Maryuri Quijada
La participación de las
mujeres en el ámbito laboral:
Se refiere a su
involucramiento en diferentes sectores y roles profesionales. Incorporar la
perspectiva de género en el trabajo social implica considerar las distintas
experiencias, desafíos y necesidades de las mujeres. Esto se traduce en diseñar
políticas, programas y prácticas laborales que promuevan la igualdad de
oportunidades, luchando contra la discriminación y fomentando ambientes
inclusivos. En el ámbito del trabajo social, esto implica abordar cuestiones
como la violencia de género, brechas salariales y desigualdades en el acceso a
recursos y oportunidades. El Congreso Económico y Social de Naciones Unidas
formulo en junio de 1997 el siguiente concepto: Transversalizar la perspectiva
de género es el proceso de valorar las implicaciones que tiene, para los
hombres y para las mujeres, cualquier acción que se planifique, ya se trate de
legislación, política o programas, en todas las áreas y en todos los niveles.

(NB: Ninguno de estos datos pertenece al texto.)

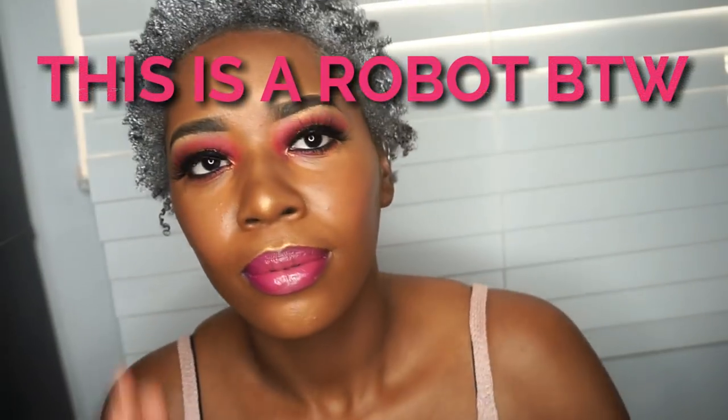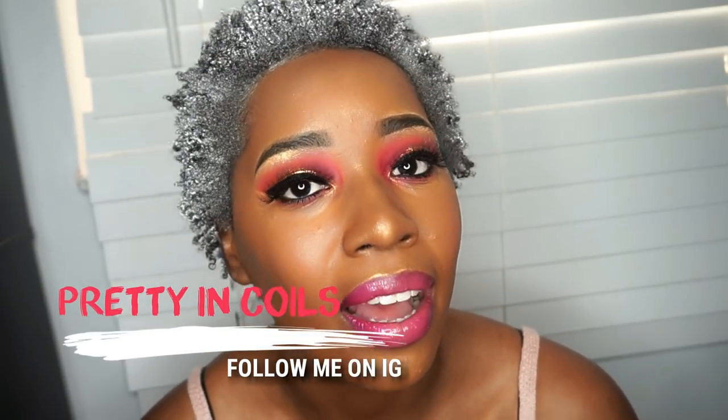I'm not doing this again in this color. I'm actually going to get another color and try it out. But this — no. Anyway, thank you guys so much for watching this video. All the details on my makeup are going to be in the description box, and you can check me out on Instagram for more of my makeup looks. My Instagram is prettyincoils, which is the same as my YouTube channel. Remember to thumbs up and subscribe.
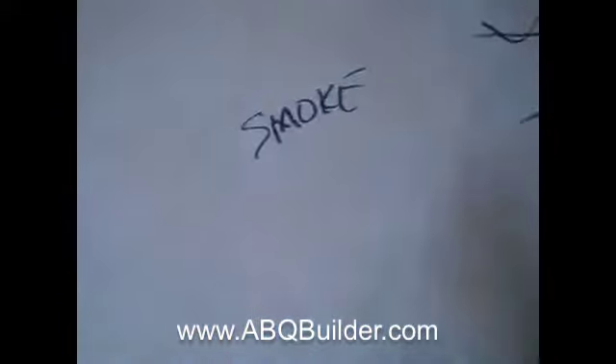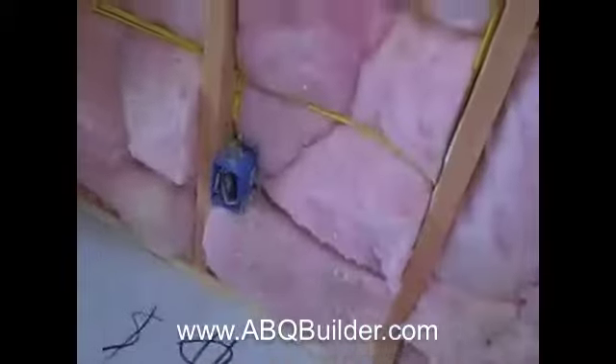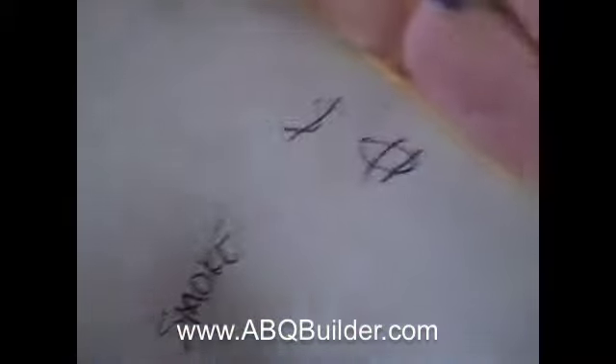For instance, there's a smoke detector — it goes right in there, so we have 'smoke' marked. And then there's a switch and outlet, so we mark 'outlet switch' on the slab.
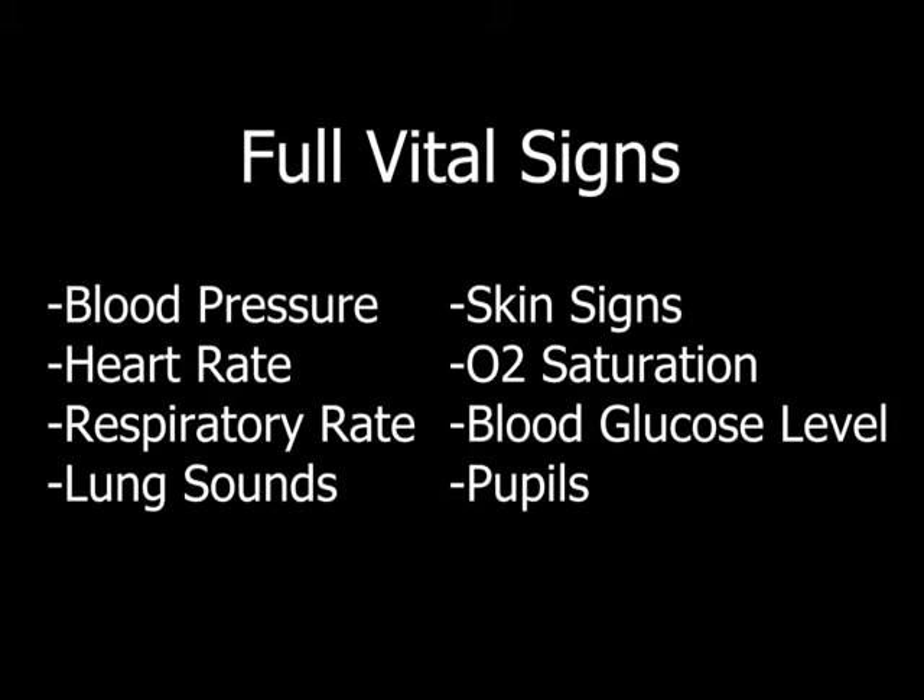This is a demonstration of full vital signs, which you're going to take on every single patient you have. Your full vital signs are going to include blood pressure, heart rate, respiratory rate, lung sounds, skin signs, sat, blood glucose level, and pupils.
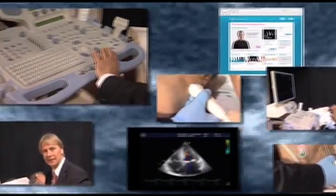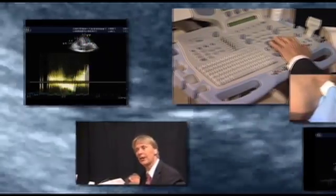You are watching our 123Sonography.com video. We provide innovative teaching materials on echocardiography. Please visit us at www.123Sonography.com to see more.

Es una estrategia para conseguir que las preocupaciones y experiencias de las
mujeres, al igual que la de los hombres, sean parte integrante de la elaboración,
puesta en marcha, control y evaluación de las políticas y de los programas
sociales, de manera que las mujeres y los hombres puedan beneficiarse de ellos
igualmente y no se perpetúe la desigualdad. El objetivo final de la
transversalización es conseguir la igualdad de los géneros.